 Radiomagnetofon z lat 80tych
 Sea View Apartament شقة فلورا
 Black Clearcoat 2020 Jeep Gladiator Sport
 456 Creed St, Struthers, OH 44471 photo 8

-*-

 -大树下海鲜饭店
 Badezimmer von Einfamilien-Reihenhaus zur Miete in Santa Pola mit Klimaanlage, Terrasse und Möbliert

-*-

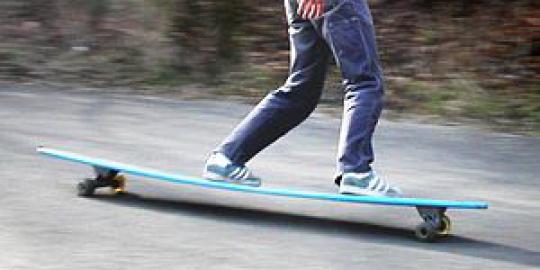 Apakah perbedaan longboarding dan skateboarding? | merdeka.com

-*-

In the listing above, find the line with "Radiomagnetofon z lat 80tych" and the line with "456 Creed St, Struthers, OH 44471 photo 8". Output those two lines and every line between them, exactly as written.

 Radiomagnetofon z lat 80tych
 Sea View Apartament شقة فلورا
 Black Clearcoat 2020 Jeep Gladiator Sport
 456 Creed St, Struthers, OH 44471 photo 8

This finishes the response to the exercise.